Intended to reduce vandalism and the theft of metal parts from light fixtures on the pier, the ban is actually "a power trip," says Bill Cleary. The respected Gloucester journalist and the voice of the lively Cleary's Notebook website wonders why city officials "are making such a big fuss" about fishing at Freedom Pier.
The two-acre structure was handsomely renovated in 2010 for more than $1.5 million, with amenities that include a brick promenade and teak benches. The onetime Coast Guard complex has starred in the tough old city's dreams of economic revival for 25 years.
The Delran-based, family-owned Otts Enterprises plans to build a bar, restaurant, and banquet complex on Freedom Pier. It would offer dramatic views of the Walt Whitman Bridge and the Philly skyline.
"I would like to think we'll break ground no later than the spring of 2013," Otts founder Don Bigley says.
"It's a complicated project, and it's progressing nicely," says Bigley, adding that he is impressed with the city's efforts to bring the complex to fruition.
A fisherman himself, he declines to comment on the ban. City officials say Otts had nothing to do with it. The City Council approved the measure in August, after public hearings that, perhaps surprisingly, drew only one objector.
The council took the action after vandalism and other problems on the pier were reported to police by former Mayor Bob Bevan and several other residents; unappetizing debris included bait scraps and fish carcasses.
"Freedom Pier was never designed for fishing," says Bevan, an aide to the City Council and Mayor Bill James. "We probably have more places to fish than any city our size in the country."
Like the one about 200 yards south of Freedom Pier, in adjacent Proprietors Park.
"That pier is specifically designed for fishing," Bevan says. "Now they all want to fish on Freedom Pier, but Freedom Pier is designed for walking and sitting and watching the beautiful sunset."
But if there are plenty of places to fish, why are some anglers up in arms?
Opponents of the ban, chatting with me or posting on Cleary's Notebook (cnbnews.net), say people who fish are being penalized for the misdeeds of a few, many of whom aren't visiting Freedom Pier to fish. They say the city should have installed a video surveillance system to protect its investment.
The "No fishing" sign that was posted at Freedom Pier, even before the final vote to approve the ban, struck a nerve, too. Anglers say they are being singled out for exclusion from a place they and other taxpayers paid for. And the Proprietors Park pier, they say, is too small for fishing.
Also worth noting: With just 11,500 people in less than three square miles, Gloucester City is in actuality a small town, politically and otherwise. And Cleary's website, as well as the Gloucester City News, the weekly of which he is publisher emeritus, is certainly helping keep the issue alive.

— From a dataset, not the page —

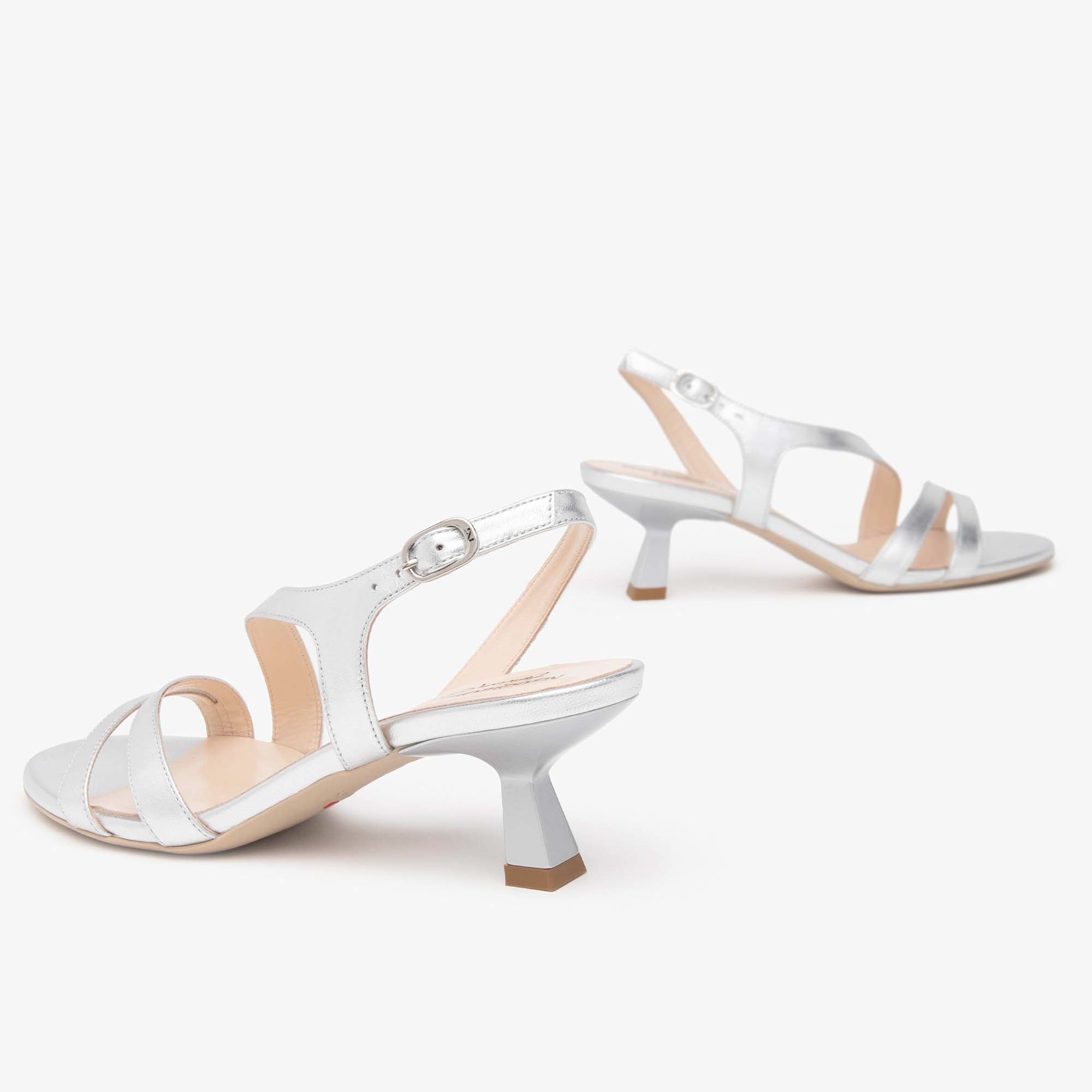 LAMINATO_TPU_MALVA_ALIMA_NATU_E513222DE_700_Image_4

Rachel Oehlert is unfamiliar with either the news coverage or the ban, so she's surprised when I tell her about it. "It's very disturbing," she says, "because to keep the kids off the streets with all the drugs that are going on, you want to have something active for them to do."
(Oehlert is on to something: Gov. Christie on Friday signed into law a program called "Hooked on Fishing - Not on Drugs" to encourage New Jersey youngsters to get into the sport.) Let's credit the state with having the best of intentions; the same goes for the Gloucester City Council when it approved the ban.
But security, not fishing, is the issue on Freedom Pier.
Gloucester should lift the ban and lower the boom on the jerks responsible for trashing its future.